Stephen Goldsmith: Harvard Kennedy School

Photo: Stephen Goldsmith. Source: Harvard Kennedy School

Cities could create dedicated offices for cost savings

25 June 2020

by Sarah Wray

A new paper from the Ash Center for Democratic Governance and Innovation at the Harvard Kennedy School advises cities to consider creative strategies beyond simple cost-cutting to address the massive financial challenge they face brought on by the coronavirus crisis.

This work could be led by new offices for cost savings which are specifically focused on innovative ways to manage costs.

The Fiscal Strategies to Help Cities Recover—And Prosper whitepaper says: “An independent, empowered third-party with the ability to focus solely on cost management issues can help policymakers understand the true trade-offs associated with their spending decisions. Department directors, consumed by the day-to-day, often become captive to internal information flows and lose their objectivity when considering organisational change.”

Under pressure

The Ash Center for Democratic Governance and Innovation report comes as many local governments that entered 2020 already worried about budgets are now facing additional pressures and responsibilities alongside plummeting revenues due to coronavirus. Research organisation The Upjohn Institute estimates that by the end of 2021, state and local governments in the US will face a US$1 trillion shortfall and this week, several UK councils have warned they could be forced to declare themselves effectively bankrupt unless the government provides emergency funding.

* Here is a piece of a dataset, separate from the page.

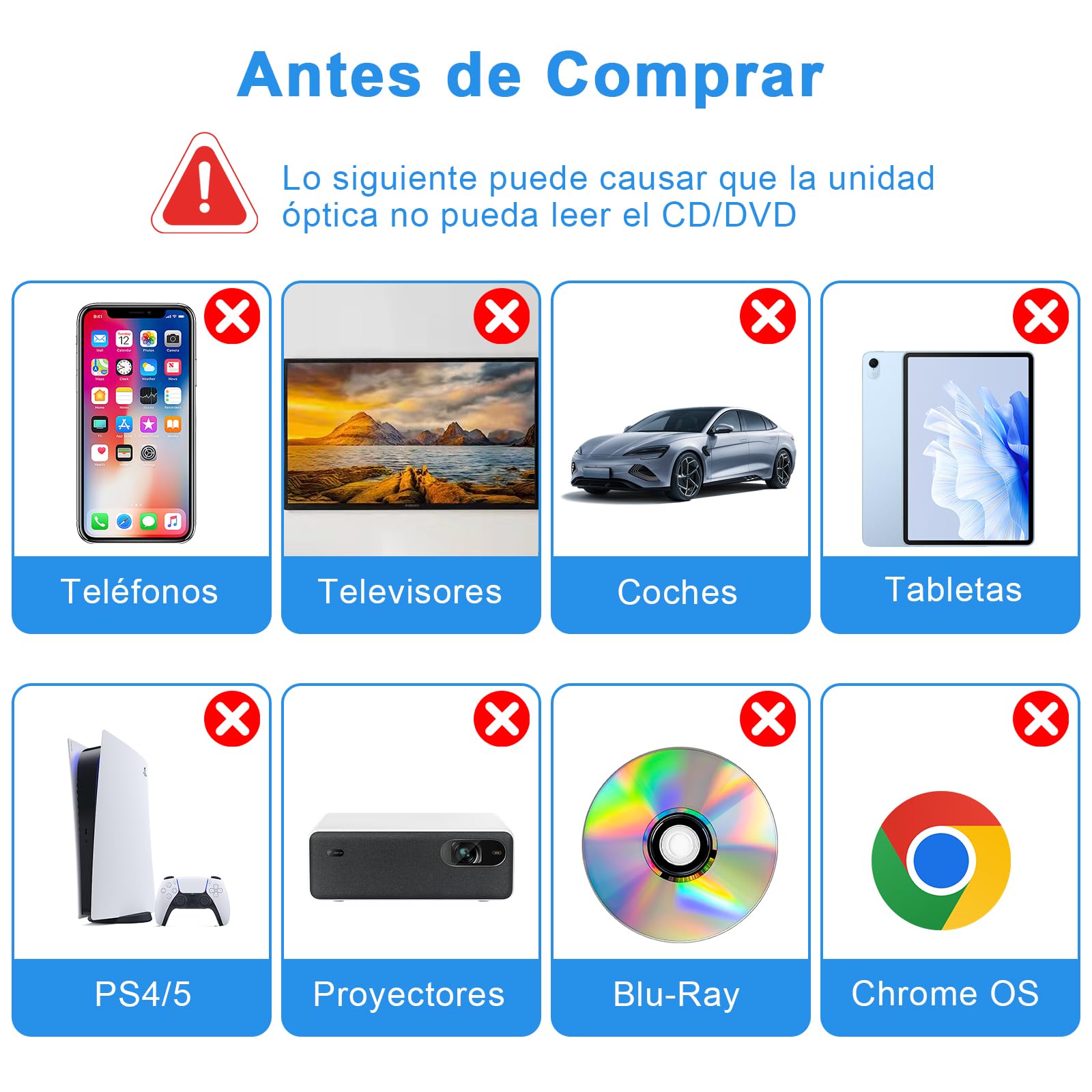 Lector CD Externo para PC, Superdelgado Grabadora DVD Externa Unidades USB 3.0 y USB-C Portátil -RW/ROM Estable para Laptop, Desktop, Windows XP/7/8/10/11/Vista/Linux/MacOS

In the new report, Stephen Goldsmith, the Derek Bok Professor of the Practice of Urban Policy and the Director of the Innovations in American Government Program at Harvard’s Kennedy School of Government, and Charles Stitt, principal at Faegre Drinker Consulting and advisor to cities on operational excellence, suggest local governments make a transition to “a culture deeply focused on data”. They also call for incentives for city workers to produce internal reforms, public-private partnerships that reward operational excellence, and rapid adoption of new technologies from other sectors and jurisdictions.

Outside-in

The whitepaper notes, for example, that municipal solid waste departments will likely benefit only modestly from studying each other – or even their most efficient private-sector peers.

“Rather, they should be visiting the major hubs of FedEx and UPS,” the report says. “City building permit departments should not be visiting their better-staffed, technology-rich suburban counterparts. Instead, they should be visiting Amazon’s warehouses, Dell’s computer assembly operations, or Toyota’s car assembly plants for inspiration.”

The report also highlights ways that cities could monetise their infrastructure, using asset sales, concession leases, or management contracts to unlock untapped value in resources such as water and sewer utilities, parking garages and parking lots, golf courses and other recreational assets, office buildings, and, potentially, airports.

The authors said: “As local governments pivot to this new normal, we advocate for a cost-management strategy that includes an ‘all of the above’ approach. Many city halls may be forced into serious budget cuts, including curtailing services or institutions that were previously considered off-limits. However, we argue here against indiscriminate cost-cutting, employee reductions in force, or rote across-the-board cuts and, instead, propose strategic responses designed to help cope with the present and better prepare for the future.”